Para Martin Sixsmith o momento-chave para se perceber o assassínio de Litvinenko reside numa conferência de imprensa que o ex-tenente-coronel do KGB (já designado por FSB) deu na capital russa, a 17 de Novembro de 1998.
Nesse dia, Litvinenko assinou a sua sentença de morte ao denunciar em público uma conspiração do FSB para assassinar o multimilionário Boris Berezovski, sustentando ainda que a actuação dos serviços de segurança russos estava minada pela corrupção. Mas o que, nessa altura, poucos terão percebido é que por trás das denúncias de Litvinenko estava, segundo Sixsmith, uma manobra para condicionar Vladimir Putin, recém-nomeado para dirigir o FSB.
O facto é que esta conferência de imprensa viria a assumir uma grande importância muitos anos depois. Quanto mais não seja pela identidade das pessoas que ladeavam Litvinenko, algumas das quais estavam encapuzadas. Martin Sixsmith identifica-as agora: Viktor Shebalin (que à data era tenente-coronel do FSB); Andrei Ponkin (major); Alexander Gusak (coronel); Mikhail Trepashkin (tenente-coronel).
De uma forma ou de outra, os três primeiros voltaram a trabalhar para o FSB e apareceram em público há uns meses para denunciarem Alexander Litvinenko como "traidor", insinuando que ele tinha sido morto devido às suas actividades no submundo do contrabando, do tráfico e da chantagem.
Já Trepashkin, que deixou o FSB, transformando-se num advogado, está preso nos Urais, tendo sido impedido de falar com a Scotland Yard.
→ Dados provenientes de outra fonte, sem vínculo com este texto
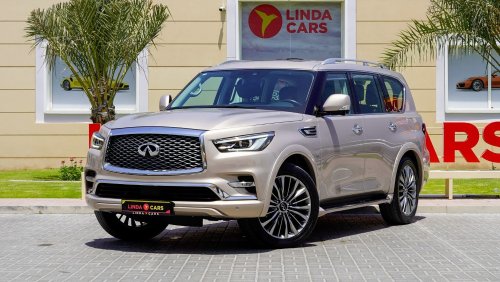 Infiniti QX80 Luxe 7st Infiniti QX80 2020 (7 SEATERS) GCC under Warranty with Flexible Down-Payment/ Flood Free.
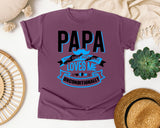 Papa The Only Man Who Loves Me Unconditionally White 2 graphic tee in Berry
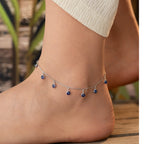 HELONA FUSSKETTE | 925 SILBER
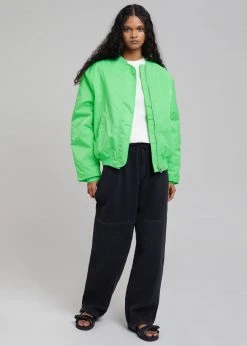 Amomento Drawstring Denim Pants - Black CLOTHING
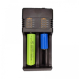 Incarcator Acumulatori 18650 MS-282AX 4.2V Li-Ion cu 2 Porturi la Priza 220V
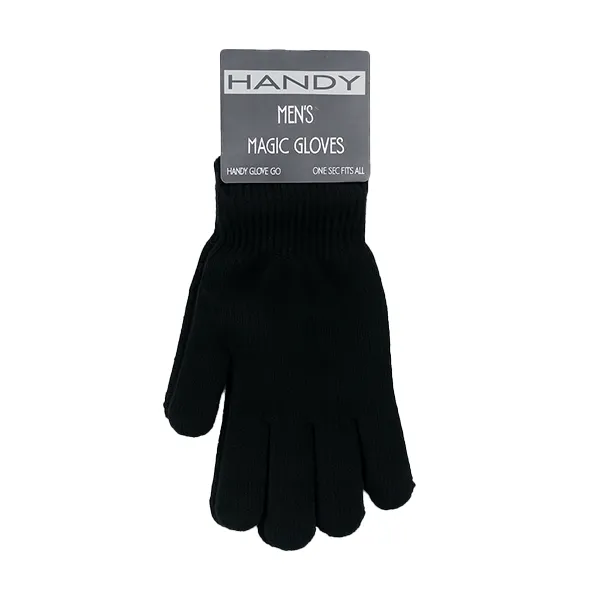 Men’s Magic Gloves Wholesale - Black | Bulk Discounted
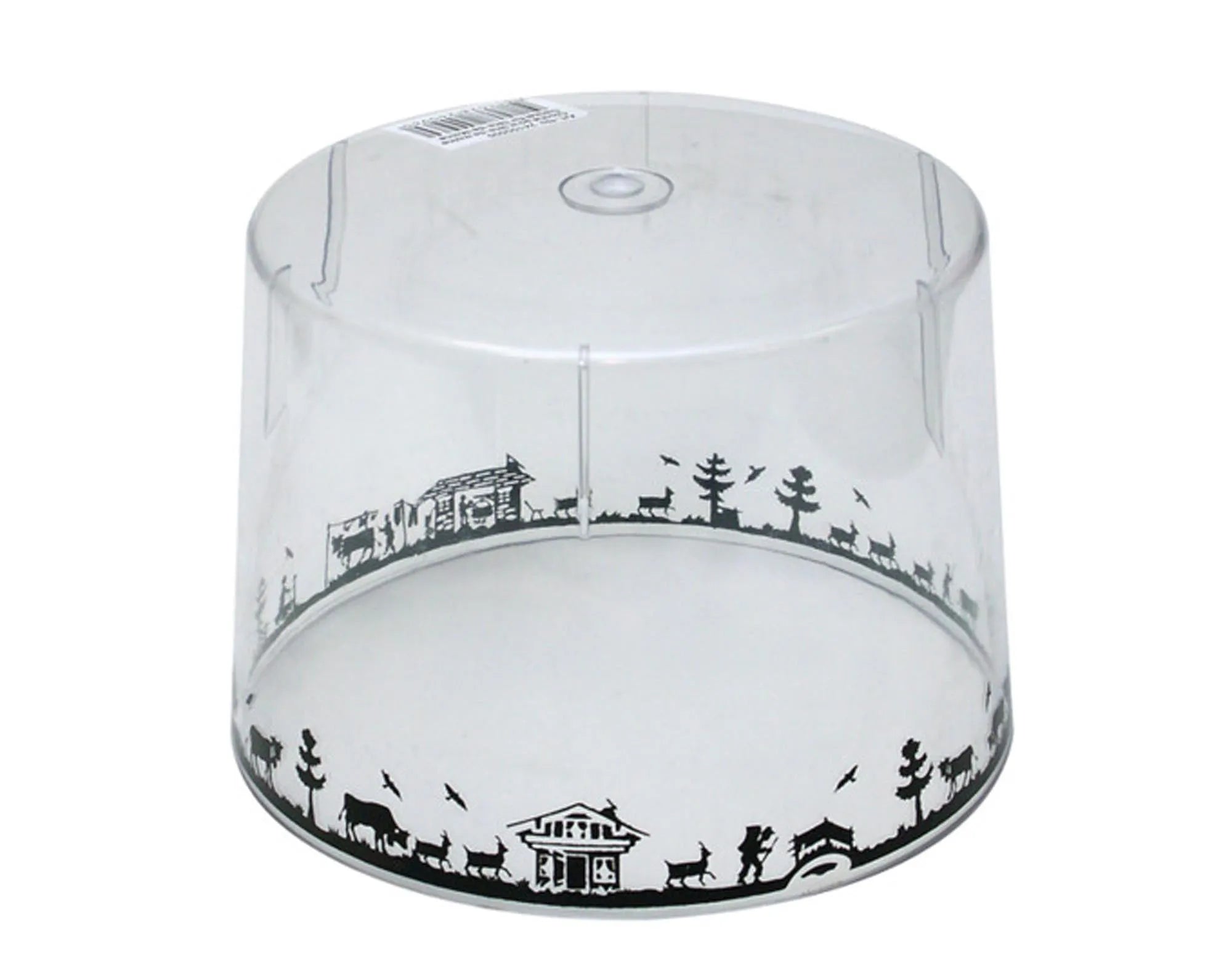 Elegante, transparente Käseglocke von HEIDI, ø 15.7 cm, für stilvolle Präsentation und Frische Ihrer Käsespezialitäten.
E, no entanto, foi Trepashkin que, por mais de uma vez, avisou Litvinenko de que a sua cabeça estava a prémio e que havia elementos do FSB - no activo ou já reformados - que pretendiam eliminá-lo.
Por várias razões. Primeiro, porque Litvinenko tinha quebrado os códigos de honra (e de silêncio) de organizações como o FSB. Depois, porque sabia demais, nomeadamente sobre a Chechénia e a criação de esquadrões da morte. E, finalmente, porque teria denunciado ao MI5 vários agentes da Rússia no Reino Unido.
Como se isso não bastasse, Litvinenko dedicava-se, ainda, a recolher informações sobre eventuais parceiros de negócios na Rússia, tendo sido responsável por ter feito abortar projectos de muitos milhões.
Razões que levam Sixsmith a concluir que os responsáveis pela morte de Litvinenko "devem ser encontrados" dentro dos serviços de segurança russos ("FSB, militares do GRU ou serviços secretos do SVR"), que têm acesso a substâncias como o Polônio-210, dispõem de tempo para planear operações e não precisam de autorização para as executar.
A partir daqui, só faltava encontrar quem transportasse o Polônio-210. De preferência, alguém que conhecesse Berezovski, permitindo, assim, que fosse enviado um "recado" ao oligarca. E, desse ponto de vista, quem melhor do que uma pessoa que já tivesse trabalhado para ele?